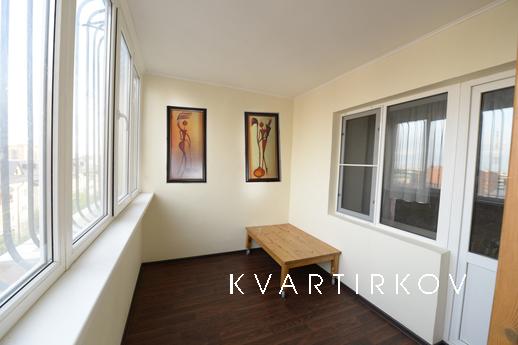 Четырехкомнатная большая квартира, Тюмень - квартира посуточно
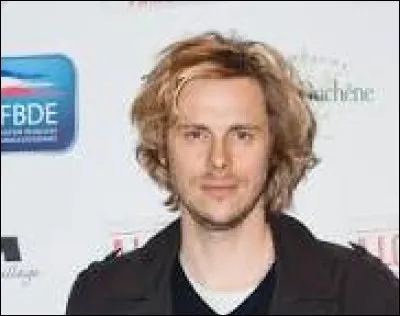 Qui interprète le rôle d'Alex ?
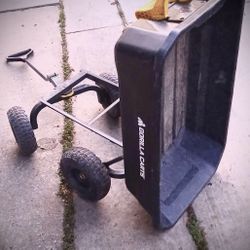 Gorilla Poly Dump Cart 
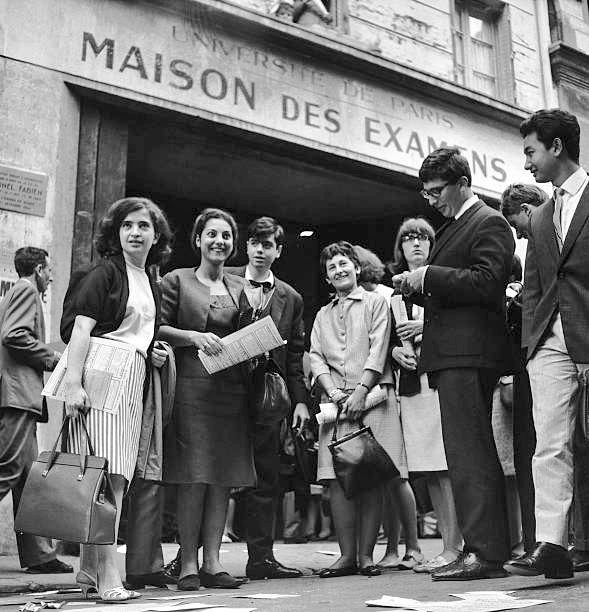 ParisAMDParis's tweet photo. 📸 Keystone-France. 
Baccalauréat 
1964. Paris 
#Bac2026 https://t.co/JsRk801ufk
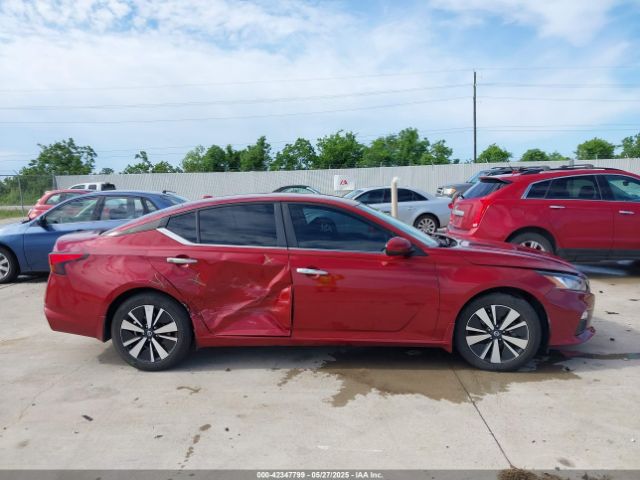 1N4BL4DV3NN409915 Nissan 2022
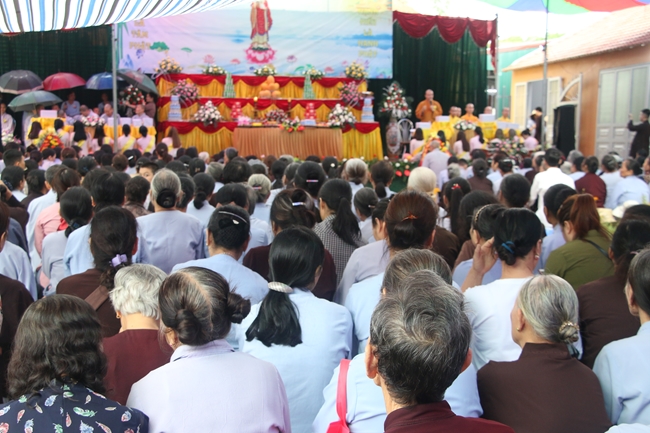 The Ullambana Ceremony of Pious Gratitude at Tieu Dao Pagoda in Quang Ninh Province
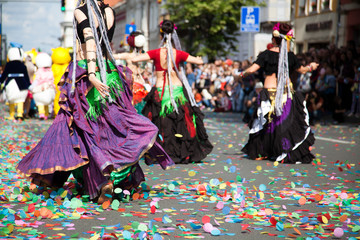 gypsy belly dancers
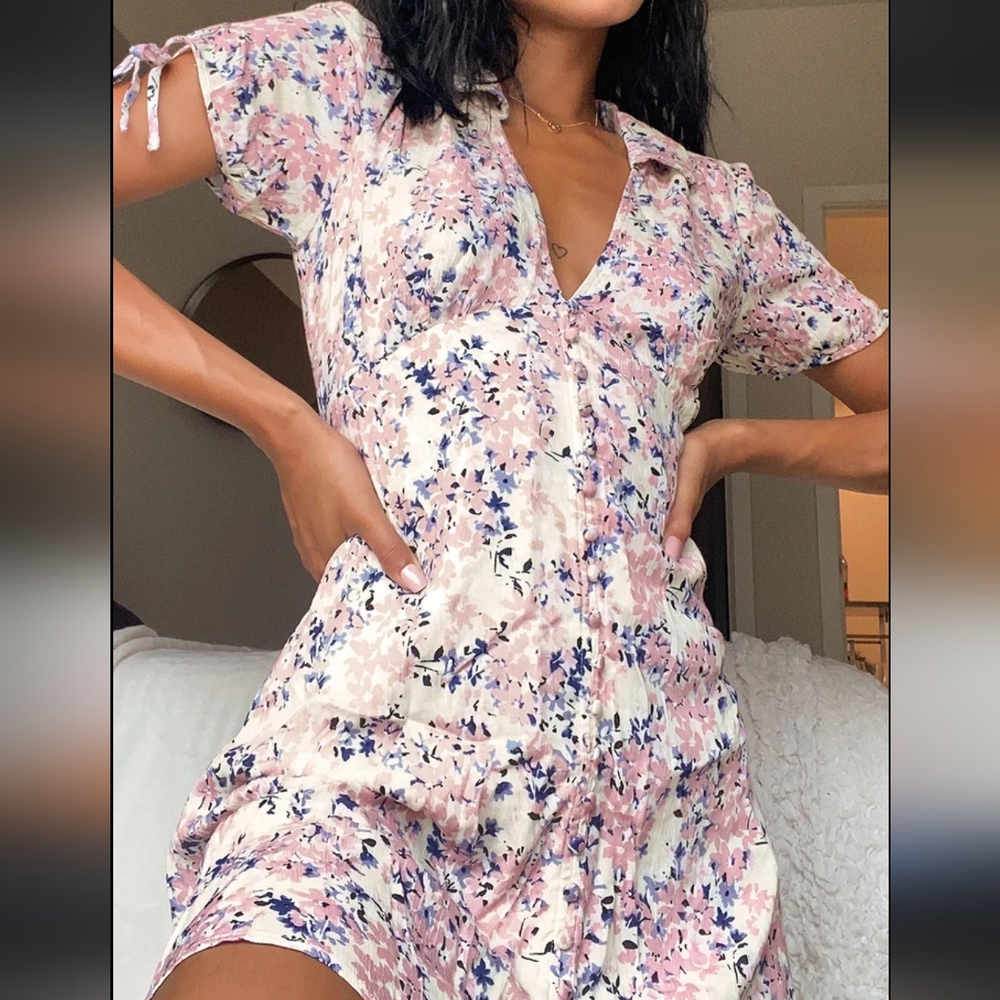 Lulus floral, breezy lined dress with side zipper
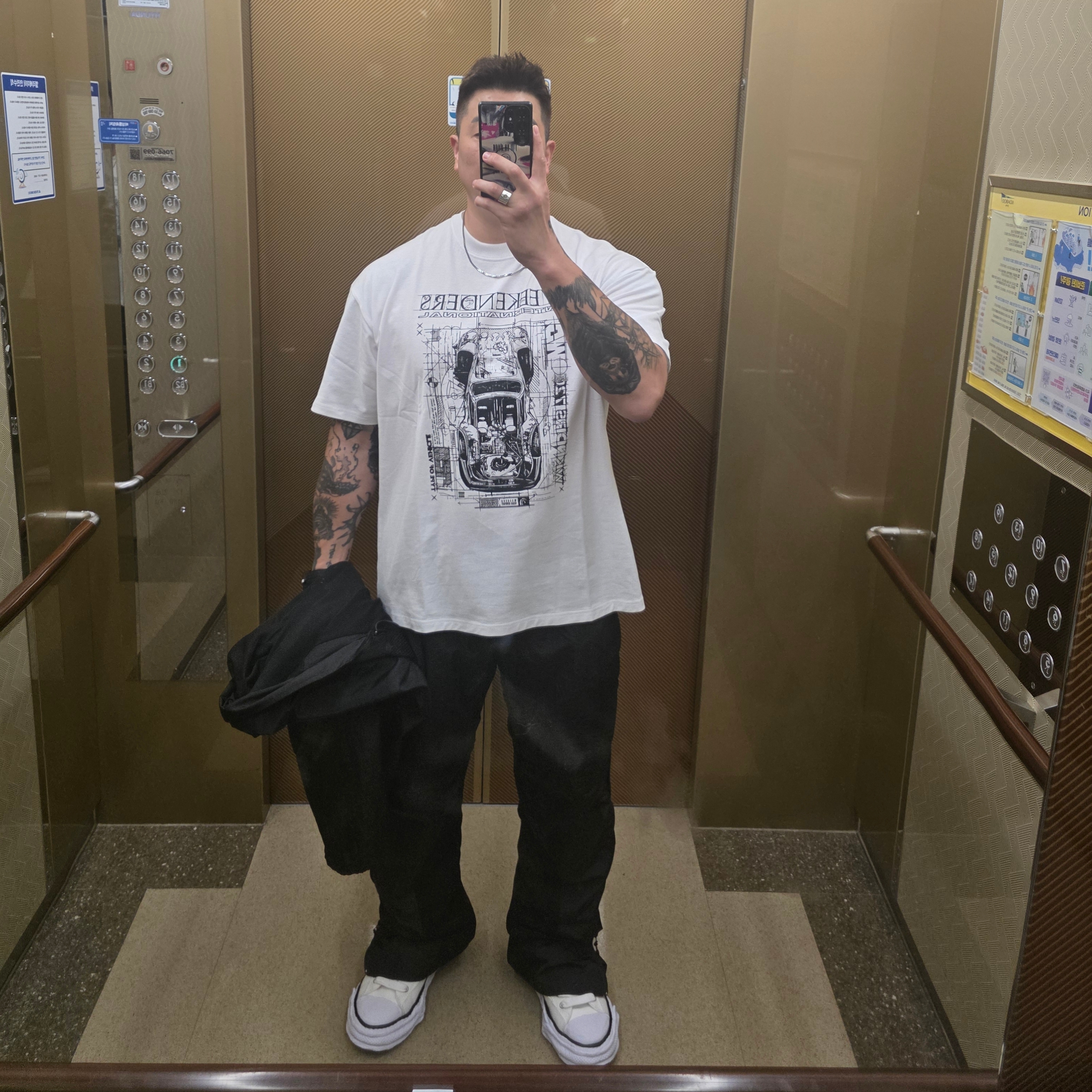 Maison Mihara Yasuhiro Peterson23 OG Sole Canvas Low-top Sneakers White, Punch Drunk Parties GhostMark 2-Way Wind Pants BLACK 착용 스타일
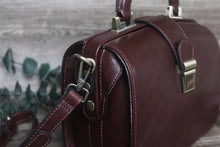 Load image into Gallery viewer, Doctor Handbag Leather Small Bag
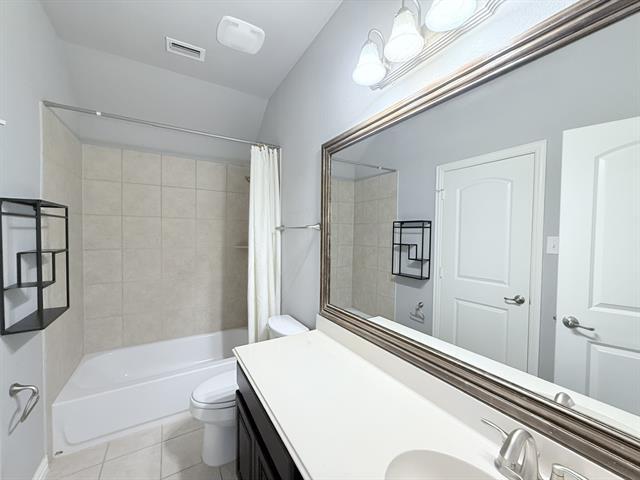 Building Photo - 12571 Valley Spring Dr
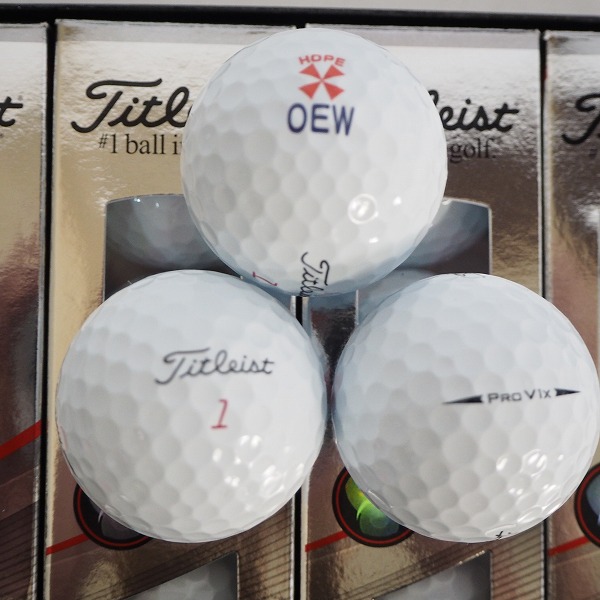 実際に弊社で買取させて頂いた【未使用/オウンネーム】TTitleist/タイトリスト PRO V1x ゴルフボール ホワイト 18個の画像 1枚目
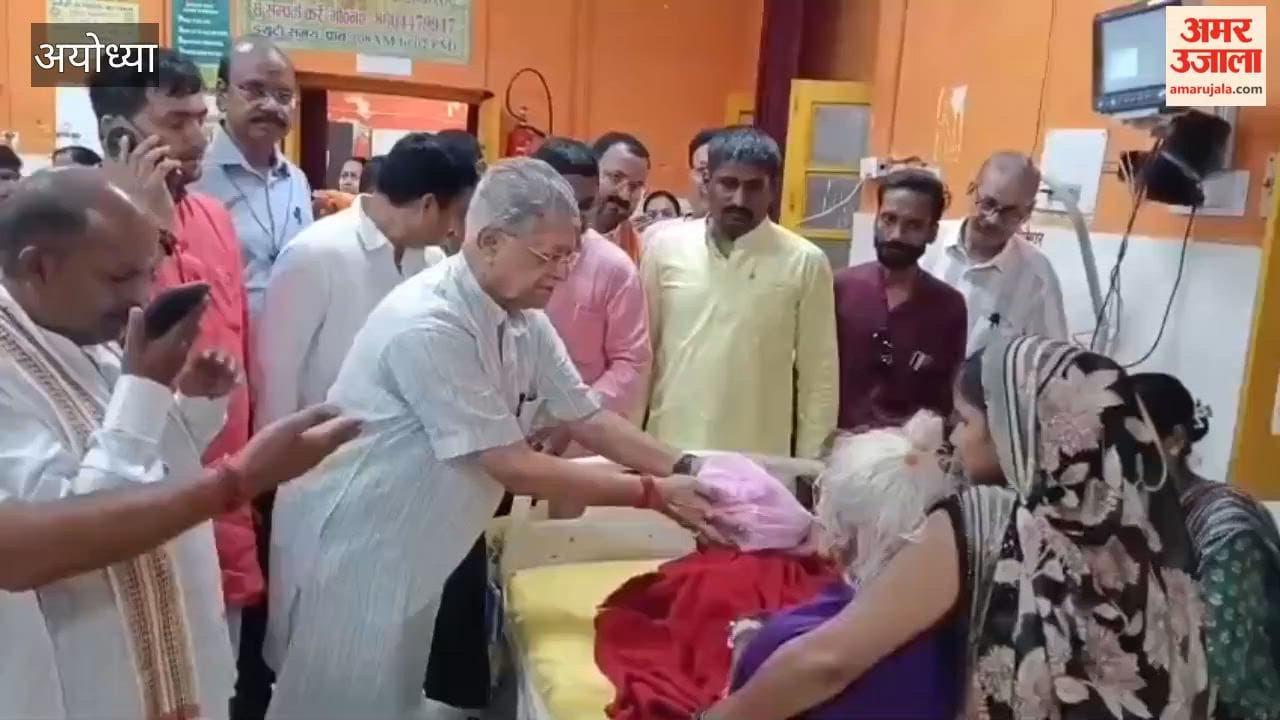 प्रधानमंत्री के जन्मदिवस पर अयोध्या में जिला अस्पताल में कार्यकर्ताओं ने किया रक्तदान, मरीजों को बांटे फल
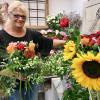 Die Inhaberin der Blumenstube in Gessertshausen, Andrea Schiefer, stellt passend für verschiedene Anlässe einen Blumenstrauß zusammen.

> What is expected
Pictures are to be dropped; the lines from the start of the entries above through the line with "1N4BL4DV3NN409915 Nissan 2022" are to be given again verbatim.

> Response area
 Четырехкомнатная большая квартира, Тюмень - квартира посуточно
 Qui interprète le rôle d'Alex ?
 Gorilla Poly Dump Cart 
 ParisAMDParis's tweet photo. 📸 Keystone-France. 
Baccalauréat 
1964. Paris 
#Bac2026 https://t.co/JsRk801ufk
 1N4BL4DV3NN409915 Nissan 2022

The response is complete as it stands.